===== Data section

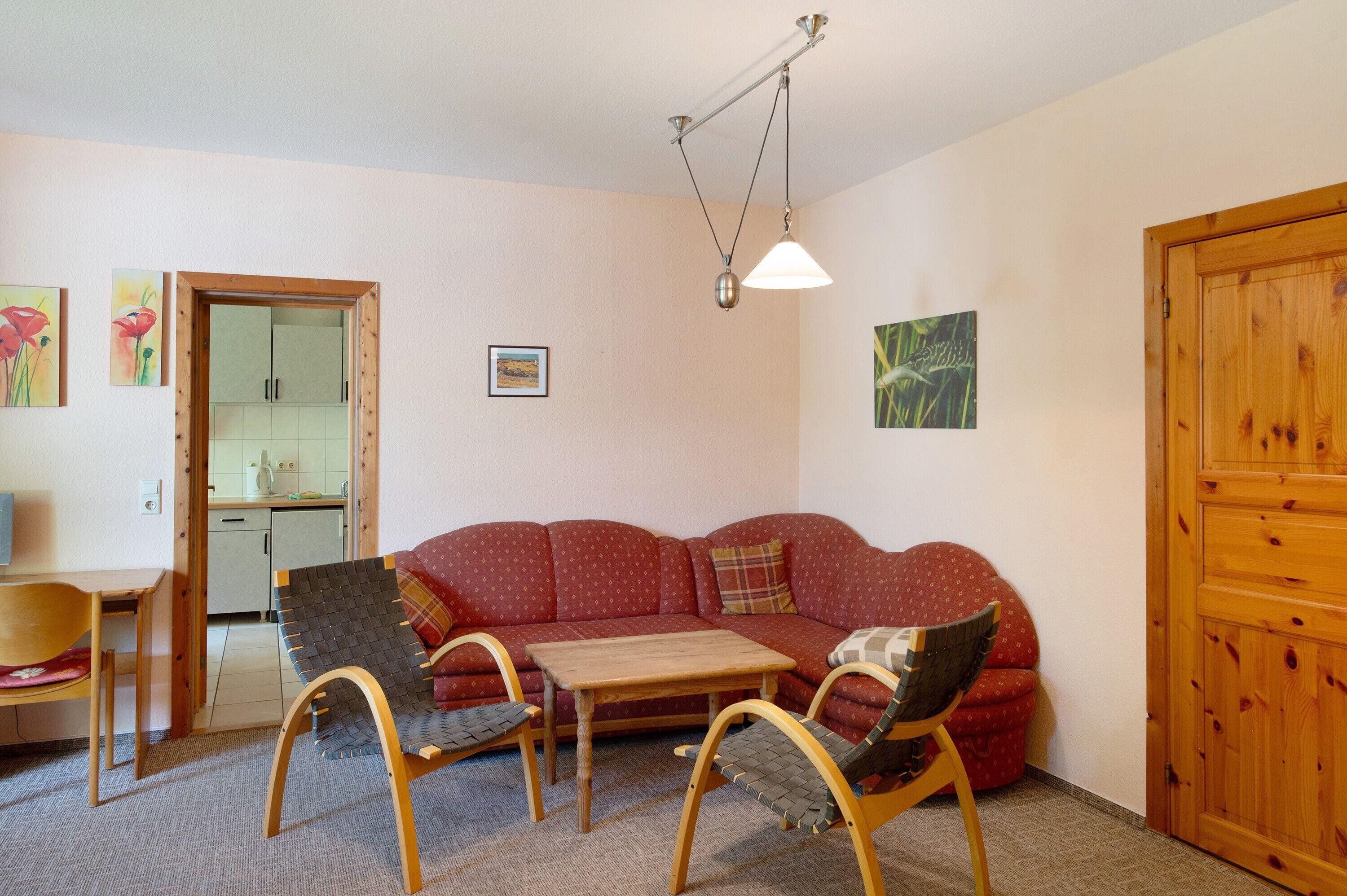 TV, table tennis, stereo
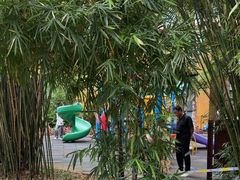 -三亚湾海居铂尔曼度假酒店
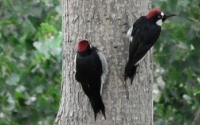 Our Woodpecker Family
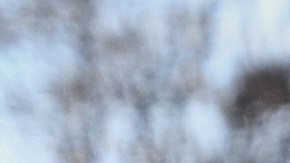 Muerte a tiros de mujer por agentes de ICE en Minneapolis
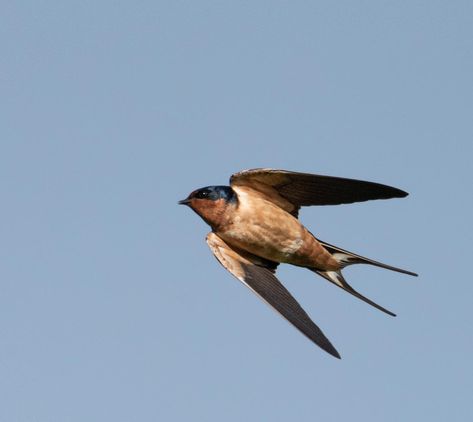 My most challenging bird-in-flight subject yet these Barn Swallows are quick! #birds Swallows In Flight, Swallow Flying Photography, Swallow Bird Photography, Swallow Painting, Swallow Flying, Swallow In Flight, Flying Photography, Conceptual Portrait, Insect Photos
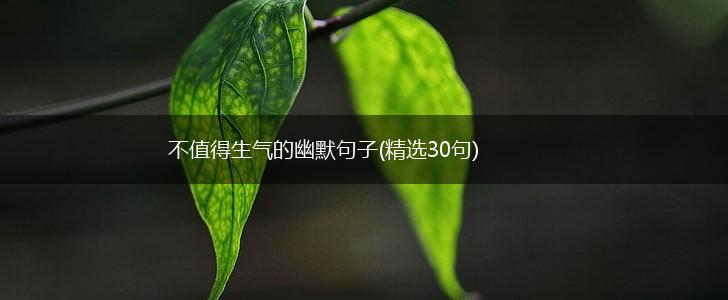 不值得生气的幽默句子(精选30句),第1张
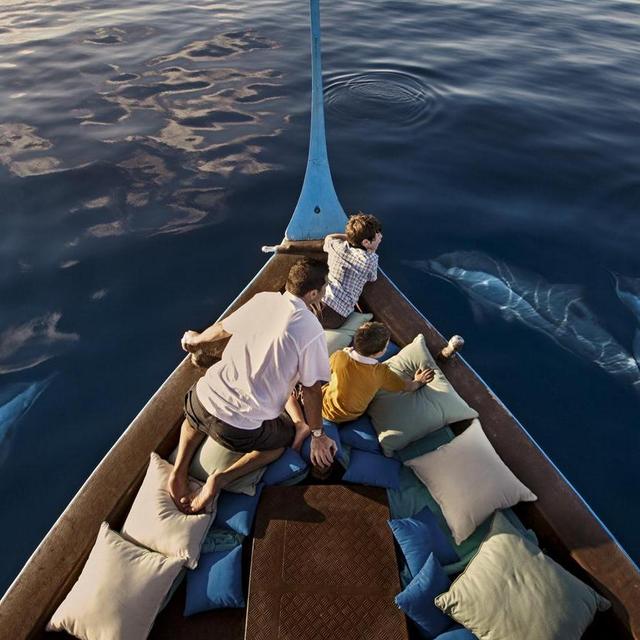 Dolphin Talk & Dolphin Watching Cruise at Four Seasons Kuda Huraa Maldives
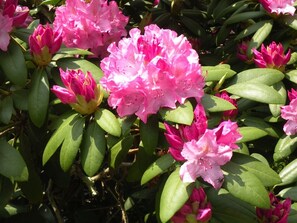 45 varieties of Rhododendrons provide interest throughout the spring and summer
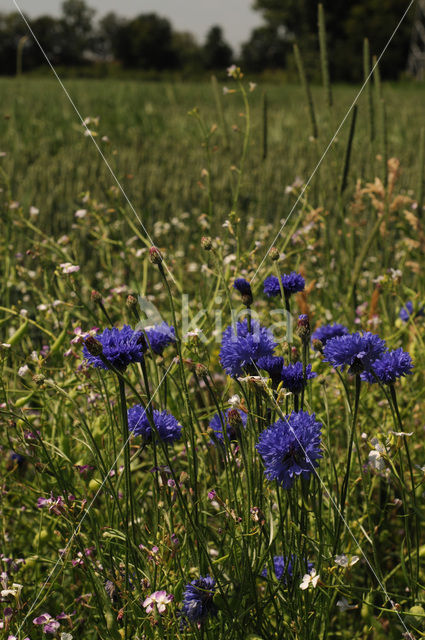 Cornflower (Centaurea cyanus)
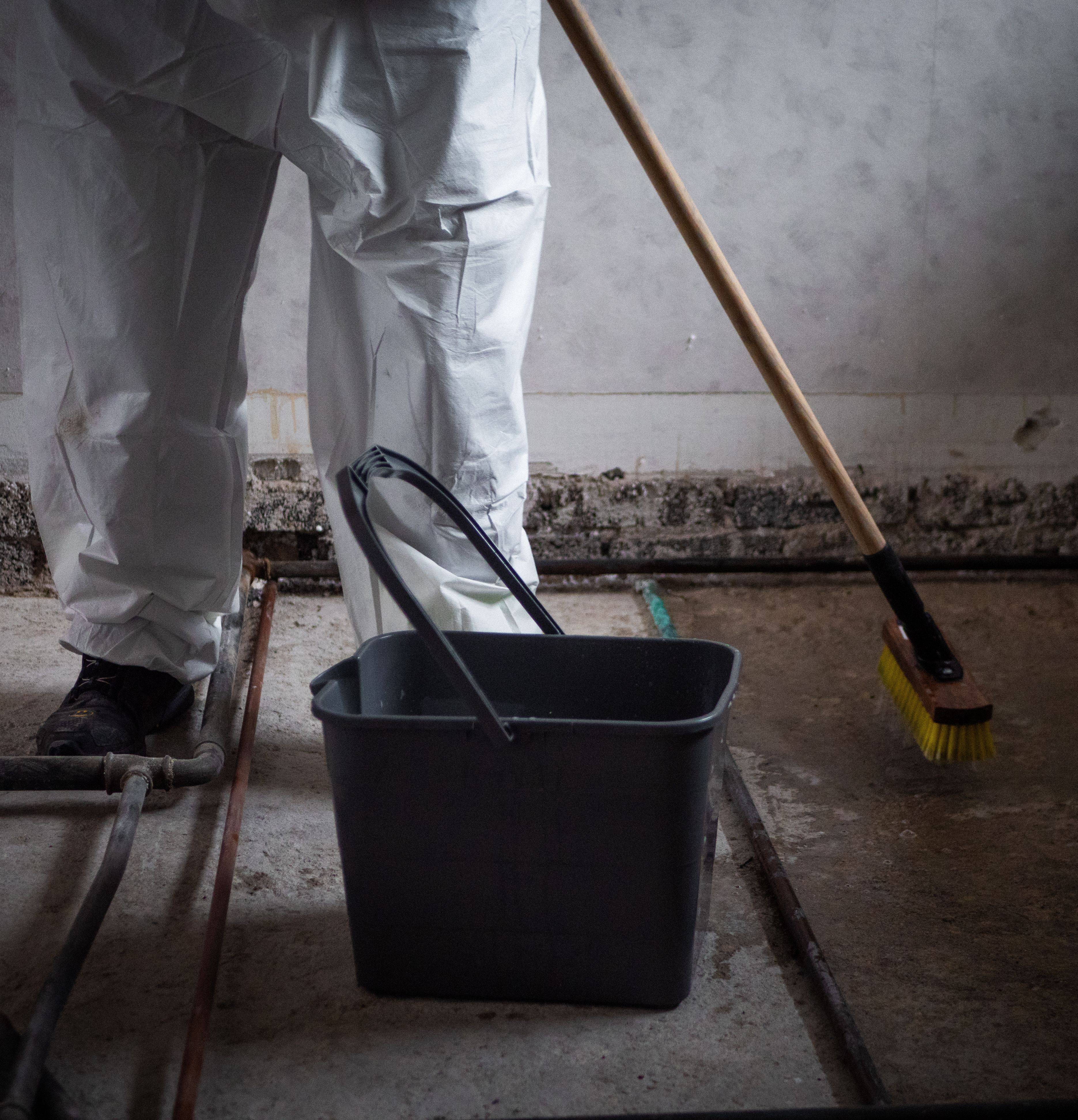 Image related to the text here.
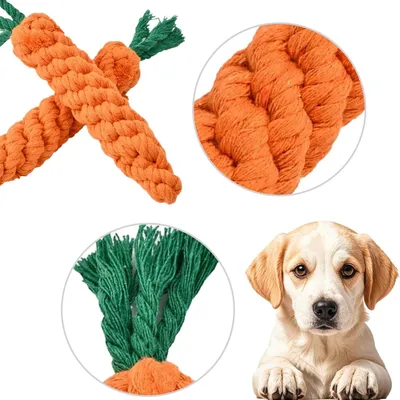 Pawzy Lot de 2 jouets à mâcher pour petits chiens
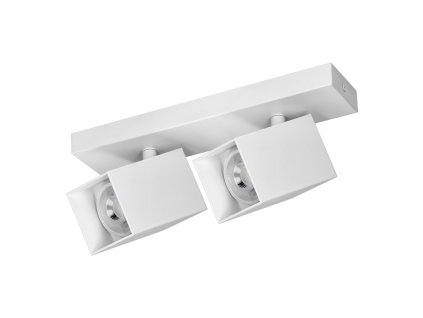 Dvostruko stropno i zidno svjetlo, bijelo, 2xGU10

==========

**The problem**: Give back exactly, and only, the lines from the one holding "45 varieties of" through the last line of the entries, with every picture omitted.

**Answer to the problem**:
 45 varieties of Rhododendrons provide interest throughout the spring and summer
 Cornflower (Centaurea cyanus)
 Image related to the text here.
 Pawzy Lot de 2 jouets à mâcher pour petits chiens
 Dvostruko stropno i zidno svjetlo, bijelo, 2xGU10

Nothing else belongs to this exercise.